As much as we can learn by doing good work or watching others do great work, there’s no replacement for the teachings and wisdom we can get from failures. That we fail is not a secret. Everyone does, at some point or another and in majestically different ways. But failure alone won’t teach you anything other than the fact that you made a mistake, or took a wrong turn somewhere along the way. Real learning comes from analyzing how, when and why you failed to begin with.
Two things stood out in today’s Apprenticeship Patterns chapter. The first one is the following quote, on retrospective:
“Regardless of what we discover, we understand and truly believe that everyone did the best job they could, given what they knew at the time, their skills and abilities, the resources available, and the situation at hand.” Retrospective.com (now archived)
Now, think of doing that about your own experiences. We are the worst critics of past versions of ourselves, because it’s too easy to lose perspective of what we were at that point. Instead we should assume that we did the best we could, so we can objectively find places where we would have been able to improve, given our current knowledge. And then, we can compare those past failures to today’s and see how far along we’ve come. This will provide us with an accurate view of the ways we failed in the past, and the ways we currently fail. If we compare them and find out that we’re still falling for the same traps and making the same mistakes, then that means that we found an area of improvement in ourselves.

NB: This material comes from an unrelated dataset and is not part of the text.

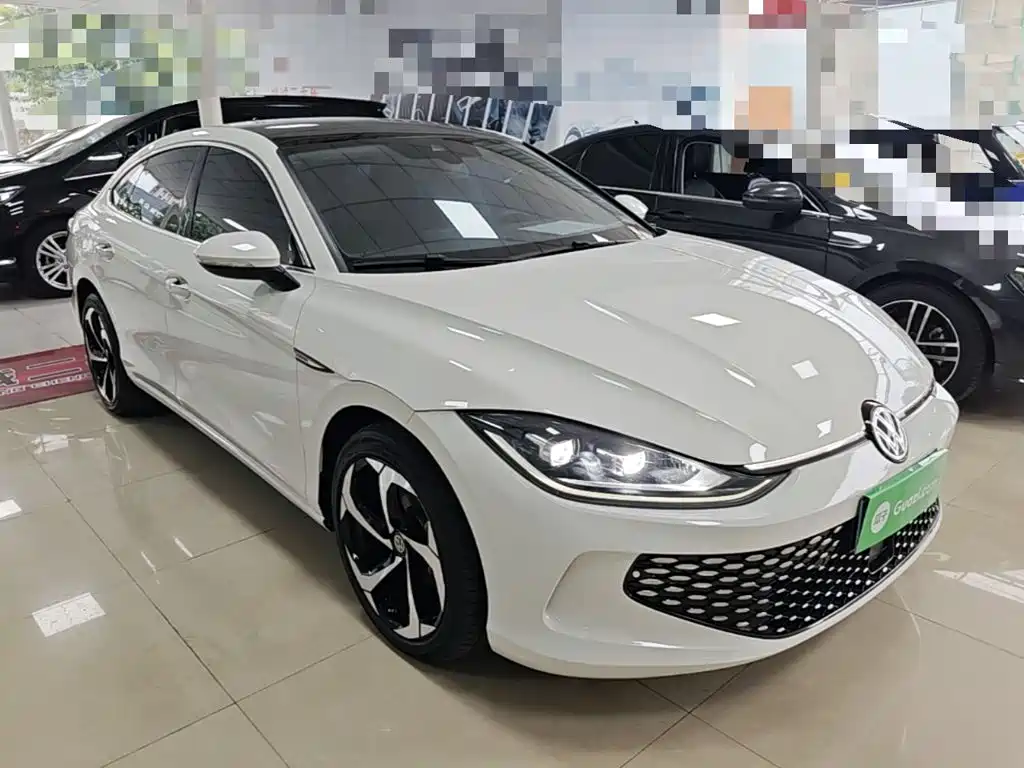 Volkswagen Lamando — миниатюра 4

Failing is not enough. We have to objectively and meticulously figure out how it is that we fail. The steps that lead us to commit mistakes, the mindset that doesn’t allow us to see further or whatever the reason is. If we can’t figure it out, then it isn’t worth anything, and we’ll be sure to keep on doing more of the same.
We should learn to fail by design: turn failure into a study method. Take a mistake you made in the past and try to reproduce it. While doing that, write down a list of reasons why that happened and try to add a way to solve each of them, one by one. Then, see if that list can draw you a map of mistakes that piled up and see if you can find an encompassing solution for the entire thing. Even if you’re not sure it’s the right solution, the act of thinking how to solve problems will lead us to easily identify said problems in the future, and that is valuable in itself.
Next time you look at your past self and feel appalled at how low your skills were, or the big mistakes you made, just remember that you did your best in the conditions you were in. And all of that turned you into what you are today, as will your current self propel you into what you wish to become.